Herman Terrence Aubrey Boyce (John Challis) – An untrustworthy ex-used car salesman and elitist with a mocking laugh who likes to think of himself as above everyone else. Boycie made sporadic appearances in Only Fools and Horses before becoming a regular cast member from the fifth series onwards. He remains the same in The Green Green Grass.

For The Green Green Grass, the character of Boycie had to be made more sympathetic. He was also seen in a match of one-upmanship against Del Boy in Only Fools and Horses. Boycie had a major part in the second episode of the final trilogy of Only Fools and Horses; this allowed the character to expand on screen before taking the lead role in the spin-off series.

Marlene

Marlene (Sue Holderness) – Marlene was initially an unseen character in Only Fools and Horses, occasionally mentioned by her husband Boycie. However, her first appearance saw that she was a bubbly, slightly promiscuous woman whose passionate, and seemingly unattainable, desire to have a child provided one of the Only Fools and Horses sub-plots. She later matured and became a frequently seen character, as did Boycie. In total, she appeared in around twenty episodes, slightly fewer than the character of Boycie.

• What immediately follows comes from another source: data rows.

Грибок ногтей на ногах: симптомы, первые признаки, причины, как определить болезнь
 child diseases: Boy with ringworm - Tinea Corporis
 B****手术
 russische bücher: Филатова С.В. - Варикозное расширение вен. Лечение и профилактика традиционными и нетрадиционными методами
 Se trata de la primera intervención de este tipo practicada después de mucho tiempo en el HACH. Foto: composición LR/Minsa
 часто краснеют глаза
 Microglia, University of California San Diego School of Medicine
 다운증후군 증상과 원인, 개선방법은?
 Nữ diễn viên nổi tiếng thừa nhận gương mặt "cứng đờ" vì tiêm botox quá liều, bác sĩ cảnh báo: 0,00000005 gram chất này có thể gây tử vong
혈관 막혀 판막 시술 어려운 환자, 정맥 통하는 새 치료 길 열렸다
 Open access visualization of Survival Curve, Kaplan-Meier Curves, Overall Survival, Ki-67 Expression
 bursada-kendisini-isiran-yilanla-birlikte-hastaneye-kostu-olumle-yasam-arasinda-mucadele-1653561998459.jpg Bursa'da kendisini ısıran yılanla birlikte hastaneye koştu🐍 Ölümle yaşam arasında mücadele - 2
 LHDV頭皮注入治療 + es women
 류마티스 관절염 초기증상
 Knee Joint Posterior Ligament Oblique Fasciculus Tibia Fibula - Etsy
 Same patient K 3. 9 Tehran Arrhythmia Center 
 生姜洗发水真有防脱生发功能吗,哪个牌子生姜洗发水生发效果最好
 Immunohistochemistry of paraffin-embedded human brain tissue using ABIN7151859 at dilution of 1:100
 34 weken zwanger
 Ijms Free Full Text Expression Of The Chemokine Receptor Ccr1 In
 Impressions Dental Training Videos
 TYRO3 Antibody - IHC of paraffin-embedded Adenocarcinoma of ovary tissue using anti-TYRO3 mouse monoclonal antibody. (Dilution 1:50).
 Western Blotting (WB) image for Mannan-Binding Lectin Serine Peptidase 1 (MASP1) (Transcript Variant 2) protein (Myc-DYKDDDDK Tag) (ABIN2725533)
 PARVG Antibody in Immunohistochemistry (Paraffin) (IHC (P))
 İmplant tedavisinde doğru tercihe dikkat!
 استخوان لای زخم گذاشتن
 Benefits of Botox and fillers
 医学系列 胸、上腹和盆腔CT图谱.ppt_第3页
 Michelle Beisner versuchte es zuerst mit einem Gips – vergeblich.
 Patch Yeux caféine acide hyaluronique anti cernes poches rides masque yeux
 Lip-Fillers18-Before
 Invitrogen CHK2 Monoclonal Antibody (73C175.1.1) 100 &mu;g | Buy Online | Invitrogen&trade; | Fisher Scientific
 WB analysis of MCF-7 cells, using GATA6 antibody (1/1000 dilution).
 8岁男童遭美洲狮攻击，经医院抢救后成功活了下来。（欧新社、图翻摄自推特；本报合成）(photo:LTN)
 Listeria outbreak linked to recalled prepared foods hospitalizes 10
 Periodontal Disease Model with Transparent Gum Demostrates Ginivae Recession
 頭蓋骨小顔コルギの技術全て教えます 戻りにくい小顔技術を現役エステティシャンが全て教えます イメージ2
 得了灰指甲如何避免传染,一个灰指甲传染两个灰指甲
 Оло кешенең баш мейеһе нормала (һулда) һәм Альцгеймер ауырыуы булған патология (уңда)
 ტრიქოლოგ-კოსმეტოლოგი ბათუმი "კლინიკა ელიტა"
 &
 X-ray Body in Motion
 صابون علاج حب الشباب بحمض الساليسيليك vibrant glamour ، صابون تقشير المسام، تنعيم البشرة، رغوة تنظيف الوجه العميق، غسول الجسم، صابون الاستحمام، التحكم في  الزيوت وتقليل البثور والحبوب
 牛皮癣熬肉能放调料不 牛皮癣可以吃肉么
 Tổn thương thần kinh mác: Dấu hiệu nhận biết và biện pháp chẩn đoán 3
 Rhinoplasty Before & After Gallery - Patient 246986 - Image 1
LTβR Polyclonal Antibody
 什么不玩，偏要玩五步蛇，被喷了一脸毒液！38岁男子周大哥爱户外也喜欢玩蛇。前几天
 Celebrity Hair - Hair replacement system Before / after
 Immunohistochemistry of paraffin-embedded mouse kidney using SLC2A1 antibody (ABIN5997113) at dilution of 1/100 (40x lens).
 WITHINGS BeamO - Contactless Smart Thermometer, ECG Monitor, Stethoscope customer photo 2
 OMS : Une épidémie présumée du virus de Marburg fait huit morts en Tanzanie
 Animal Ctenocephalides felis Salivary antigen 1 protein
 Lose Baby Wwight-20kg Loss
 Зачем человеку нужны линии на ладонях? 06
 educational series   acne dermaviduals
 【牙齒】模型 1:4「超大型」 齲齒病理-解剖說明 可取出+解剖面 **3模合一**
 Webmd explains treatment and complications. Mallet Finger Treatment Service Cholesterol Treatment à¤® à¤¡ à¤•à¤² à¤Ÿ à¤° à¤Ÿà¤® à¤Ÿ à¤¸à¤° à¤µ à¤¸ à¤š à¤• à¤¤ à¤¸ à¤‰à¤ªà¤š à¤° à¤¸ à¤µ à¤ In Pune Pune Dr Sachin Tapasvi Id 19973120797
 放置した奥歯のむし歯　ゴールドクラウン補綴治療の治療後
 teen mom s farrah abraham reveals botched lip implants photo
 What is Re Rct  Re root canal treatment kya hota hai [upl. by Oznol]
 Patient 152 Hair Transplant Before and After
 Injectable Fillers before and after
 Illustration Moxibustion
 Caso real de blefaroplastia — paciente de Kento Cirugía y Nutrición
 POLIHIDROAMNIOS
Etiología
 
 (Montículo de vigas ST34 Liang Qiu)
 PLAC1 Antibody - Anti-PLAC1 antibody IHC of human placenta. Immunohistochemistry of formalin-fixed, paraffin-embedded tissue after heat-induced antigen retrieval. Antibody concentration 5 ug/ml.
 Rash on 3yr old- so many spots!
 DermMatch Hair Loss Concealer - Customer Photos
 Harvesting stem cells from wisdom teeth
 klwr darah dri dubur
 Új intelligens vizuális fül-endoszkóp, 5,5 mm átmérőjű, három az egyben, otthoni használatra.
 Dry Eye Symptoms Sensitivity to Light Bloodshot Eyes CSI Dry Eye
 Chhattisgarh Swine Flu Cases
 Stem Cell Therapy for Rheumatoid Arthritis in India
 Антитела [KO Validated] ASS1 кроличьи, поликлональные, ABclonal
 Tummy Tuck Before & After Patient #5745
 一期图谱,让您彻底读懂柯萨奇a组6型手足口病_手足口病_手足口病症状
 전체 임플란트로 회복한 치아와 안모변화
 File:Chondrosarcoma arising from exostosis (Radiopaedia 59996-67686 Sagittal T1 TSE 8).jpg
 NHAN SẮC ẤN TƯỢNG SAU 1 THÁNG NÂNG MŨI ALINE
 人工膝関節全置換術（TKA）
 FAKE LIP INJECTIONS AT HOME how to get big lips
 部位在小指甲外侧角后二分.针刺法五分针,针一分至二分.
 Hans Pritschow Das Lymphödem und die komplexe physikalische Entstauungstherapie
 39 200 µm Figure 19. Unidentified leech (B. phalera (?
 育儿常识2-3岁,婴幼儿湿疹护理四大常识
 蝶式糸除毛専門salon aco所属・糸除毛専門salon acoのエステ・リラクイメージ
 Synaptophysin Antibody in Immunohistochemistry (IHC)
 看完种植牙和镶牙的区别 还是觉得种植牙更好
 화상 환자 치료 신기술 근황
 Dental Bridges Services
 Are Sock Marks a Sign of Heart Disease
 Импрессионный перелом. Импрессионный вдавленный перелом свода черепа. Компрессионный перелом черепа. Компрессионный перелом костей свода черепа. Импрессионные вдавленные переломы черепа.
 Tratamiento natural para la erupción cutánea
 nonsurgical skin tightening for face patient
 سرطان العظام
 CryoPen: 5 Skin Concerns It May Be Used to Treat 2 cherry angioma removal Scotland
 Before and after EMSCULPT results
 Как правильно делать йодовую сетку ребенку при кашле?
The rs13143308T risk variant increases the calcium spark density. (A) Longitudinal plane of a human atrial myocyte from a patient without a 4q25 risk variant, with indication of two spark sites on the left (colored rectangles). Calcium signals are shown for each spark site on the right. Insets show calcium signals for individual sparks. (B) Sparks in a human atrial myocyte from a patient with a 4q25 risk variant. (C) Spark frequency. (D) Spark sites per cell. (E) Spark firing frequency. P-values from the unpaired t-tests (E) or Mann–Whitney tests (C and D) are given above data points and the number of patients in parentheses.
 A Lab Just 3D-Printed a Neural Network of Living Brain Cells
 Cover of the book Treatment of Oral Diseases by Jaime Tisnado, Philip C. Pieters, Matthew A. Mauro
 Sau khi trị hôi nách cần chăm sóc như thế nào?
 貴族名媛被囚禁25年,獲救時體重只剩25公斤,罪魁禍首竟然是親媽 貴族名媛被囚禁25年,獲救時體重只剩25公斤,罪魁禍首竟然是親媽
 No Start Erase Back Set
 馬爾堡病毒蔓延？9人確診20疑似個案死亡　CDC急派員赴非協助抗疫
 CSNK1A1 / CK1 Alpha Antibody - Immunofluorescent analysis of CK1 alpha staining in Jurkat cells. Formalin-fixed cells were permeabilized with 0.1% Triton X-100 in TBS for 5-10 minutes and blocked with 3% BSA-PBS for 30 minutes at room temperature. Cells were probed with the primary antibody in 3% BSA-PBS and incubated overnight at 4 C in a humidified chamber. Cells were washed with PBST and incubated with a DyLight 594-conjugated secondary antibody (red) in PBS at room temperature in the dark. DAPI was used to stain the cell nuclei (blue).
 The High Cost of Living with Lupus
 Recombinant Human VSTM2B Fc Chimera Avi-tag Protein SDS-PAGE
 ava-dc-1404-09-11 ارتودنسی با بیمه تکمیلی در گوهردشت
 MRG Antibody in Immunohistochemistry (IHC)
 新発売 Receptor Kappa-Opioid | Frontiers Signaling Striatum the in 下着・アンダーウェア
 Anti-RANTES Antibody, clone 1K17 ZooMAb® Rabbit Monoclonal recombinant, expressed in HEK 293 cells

In The Green Green Grass she is exactly the same in all senses. Unlike Boycie, Marlene settles into her new surroundings with little problems and without changing herself. She also appears to enjoy country life as the series progresses. In the series two episode "Mother Earth", Marlene gives away all her clothes, as they were not environmentally friendly. Marlene also has an intense dislike of the Driscoll Brothers, as seen in both "Brothers and Sisters" and "Home Brew".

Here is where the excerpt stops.